Data excerpts:
- - -
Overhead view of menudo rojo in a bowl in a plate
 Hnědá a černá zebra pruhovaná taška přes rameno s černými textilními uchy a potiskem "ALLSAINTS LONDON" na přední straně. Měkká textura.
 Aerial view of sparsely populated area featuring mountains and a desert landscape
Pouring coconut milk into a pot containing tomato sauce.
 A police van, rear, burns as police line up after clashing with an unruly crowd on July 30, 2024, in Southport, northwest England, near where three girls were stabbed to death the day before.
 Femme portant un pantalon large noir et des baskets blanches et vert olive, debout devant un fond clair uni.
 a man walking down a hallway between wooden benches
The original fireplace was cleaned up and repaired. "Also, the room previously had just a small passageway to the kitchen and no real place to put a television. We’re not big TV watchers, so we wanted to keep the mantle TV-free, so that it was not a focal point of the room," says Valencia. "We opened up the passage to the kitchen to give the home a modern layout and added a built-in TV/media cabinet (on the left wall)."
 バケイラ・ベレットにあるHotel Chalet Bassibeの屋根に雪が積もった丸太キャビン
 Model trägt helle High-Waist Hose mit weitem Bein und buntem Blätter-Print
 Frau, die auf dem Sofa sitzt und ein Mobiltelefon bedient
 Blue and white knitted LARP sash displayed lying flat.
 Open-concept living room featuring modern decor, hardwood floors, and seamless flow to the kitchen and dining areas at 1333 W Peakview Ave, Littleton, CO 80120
- - -
> **WHAT YOU WILL DO**: Transcribe the lines above between the line holding "A police van, rear, burns" and the line holding "a man walking", inclusive, exactly as they stand and with nothing added.

> **RESULT**:
 A police van, rear, burns as police line up after clashing with an unruly crowd on July 30, 2024, in Southport, northwest England, near where three girls were stabbed to death the day before.
 Femme portant un pantalon large noir et des baskets blanches et vert olive, debout devant un fond clair uni.
 a man walking down a hallway between wooden benches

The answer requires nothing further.